Bits per sample should also be set to match your source material. If you aren’t sure, selecting 24 will retain quality.
Embed Audio or Separate Audio –– embedding audio allows the AAF to be packaged efficiently into a single file that is ready to share. Separating audio will place the audio files into a separate folder.
Format selection will be between Broadcast Wave (WAV) and AIFF (if you are using Mac OS). WAV files are the industry standard for lossless audio interchange.
Trim Audio or Copy Complete Files –– this selection either trims the audio files to only include the portions used in your timeline or sends the complete source files. This option is a tradeoff between file size and flexibility.
Handle Frames determines how much extra audio to include on either side of a trimmed clip when Trim Audio Files is selected. Increasing the handle size gives an audio mixer more flexibility to work with.
In some cases, such as archiving or client asset delivery, exporting audio stems is a more appropriate choice than creating an AAF. Stems are isolated groups of audio that produce the full mix when combined. It is common to separate sound files into dialogue, music, and sound effect stems.
Stems are useful for quickly moving music or a voiceover to a previously finished and mixed video.
Organize and Clean Your Timeline
Similarly to the AAF preparation, you’ll need to group the different audio types onto separate tracks. Remember to set your in and out points and keep them consistent for the duration of this process.
How to Export Stems in Premiere Pro
1. Solo the audio tracks for your first stem. For example, if you want to create a stem with only the music, solo just those tracks. Remember, all music should be grouped together on dedicated tracks from your organization work in Step 1. Soloing can be accomplished by clicking the ‘S’ in either the timeline or the Audio Track Mixer.

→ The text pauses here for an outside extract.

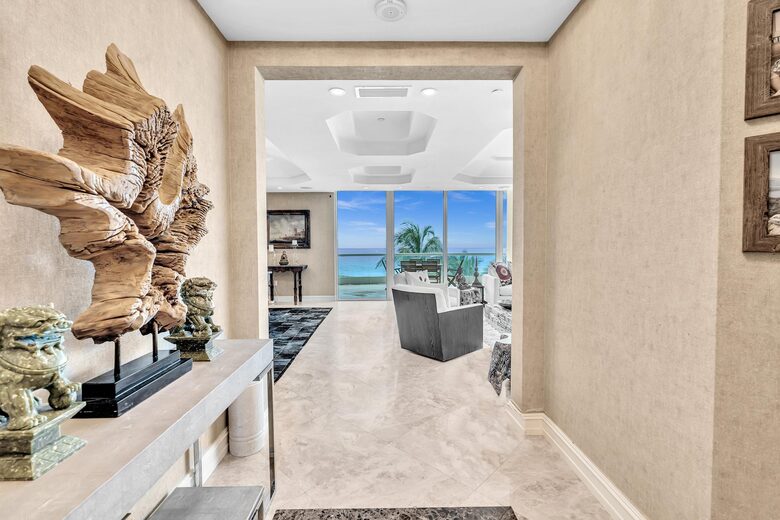 Ultra Luxe Miami Beachfront - Sunny Isles Beach, Florida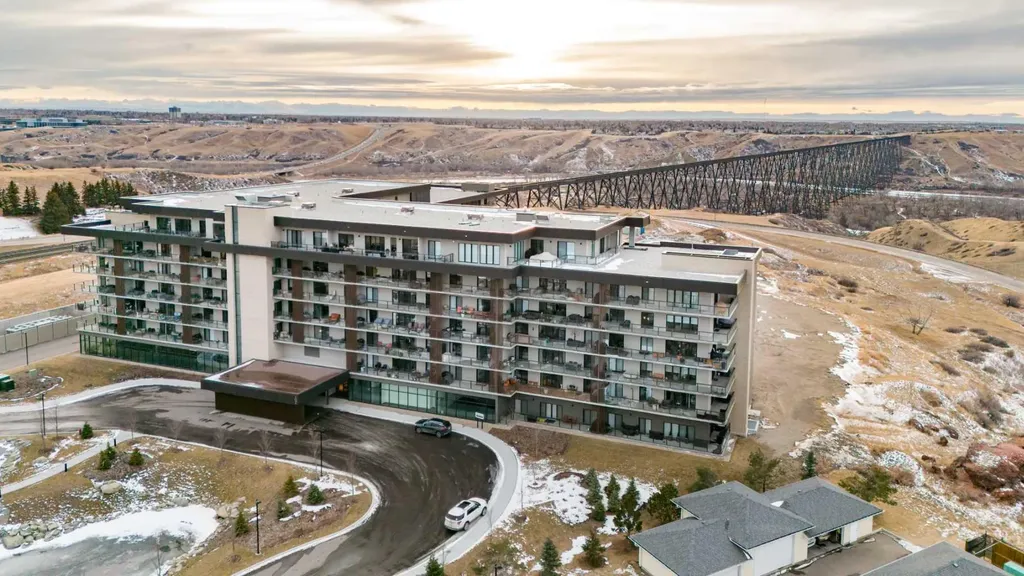 102 Scenic Drive N Lethbridge AB T1J 4L3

2. Click File → Export → Media (Ctrl/Cmd-M).
3. Change the Format to Waveform Audio. This is the best choice for uncompressed audio.

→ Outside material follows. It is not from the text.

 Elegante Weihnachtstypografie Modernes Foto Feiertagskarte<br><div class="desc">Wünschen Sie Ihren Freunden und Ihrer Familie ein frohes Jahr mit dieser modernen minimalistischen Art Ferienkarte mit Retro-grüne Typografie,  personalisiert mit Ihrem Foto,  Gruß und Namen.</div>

4. Name the stem in a way that clearly explains what it contains. Common practices include appending the following to each respective stem: DIA (dialogue), VO (voiceover), MSX (Music), and SFX (sound effects).
5. Configure the basic audio settings. The settings in the image below are a good starting point for most projects.

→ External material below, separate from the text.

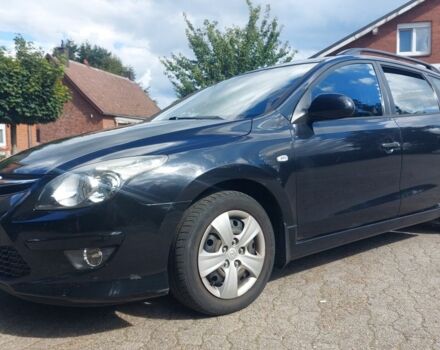 Чорний Хендай i30, об'ємом двигуна 1.4 л та пробігом 222 тис. км за 5800 $, фото 2 на Automoto.ua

In some cases, you might want to do audio sweetening yourself but need more precise tools than Premiere’s offering. Luckily, Adobe makes it easy to move your session into Audition and roundtrip it back to Premiere. Audition has powerful noise reduction capabilities and is a more suitable environment than Premiere to apply various audio effects, especially third-party plugins.
To edit a sequence in Audition from Premiere, click Edit → Edit in Adobe Audition → Sequence. Select a destination folder to save new audio files, and accept the default dialog settings.
Audition will open automatically and will have the audio portion of your timeline set up in similar fashion to how it looked in Premiere. A video preview is sent over Adobe’s Dynamic Link, which means you don’t even have to export a reference video.
Oftentimes, editors will work on a project using unlicensed music or a temporary voiceover. Once these creative choices get approved or are ready to be finalized, they need to be replaced with the final audio.
Replacing a licensed music track from a stock library is pretty painless, but you’ll want to watch out for the following:
– Ensure that the licensed track is the same length and version as the watermarked version you’ve been working with. Many libraries offer different lengths and versions of a single track.
– Save your project before replacing a file. Ctrl/Cmd-Z doesn’t undo the replacement of a file!
Replacing a voiceover requires a different workflow, unless the new voiceover is just a higher quality version of the same recording. For example, maybe you’ve been working with an MP3 but later received a WAV of the same recording. In this case, the same replacement method outlined above will work.
If you have a new voiceover, it’ll likely have very different timing, so you’ll have to re-edit the new version. If so, try keeping the old voiceover in the timeline for reference – this will serve as a helpful guide to quickly retime a new voiceover to an existing edit.